** Opening Supplied information block **

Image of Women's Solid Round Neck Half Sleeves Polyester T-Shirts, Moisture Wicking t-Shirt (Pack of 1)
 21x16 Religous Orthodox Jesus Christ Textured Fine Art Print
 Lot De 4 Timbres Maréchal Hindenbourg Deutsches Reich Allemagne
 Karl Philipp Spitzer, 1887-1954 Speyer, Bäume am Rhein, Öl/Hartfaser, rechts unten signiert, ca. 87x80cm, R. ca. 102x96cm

** Closing Supplied information block **

**Work instruction**
Copy out the line holding "21x16 Religous Orthodox". Then copy every later line of the data, unchanged, through the last one.

**Result for this exercise**
 21x16 Religous Orthodox Jesus Christ Textured Fine Art Print
 Lot De 4 Timbres Maréchal Hindenbourg Deutsches Reich Allemagne
 Karl Philipp Spitzer, 1887-1954 Speyer, Bäume am Rhein, Öl/Hartfaser, rechts unten signiert, ca. 87x80cm, R. ca. 102x96cm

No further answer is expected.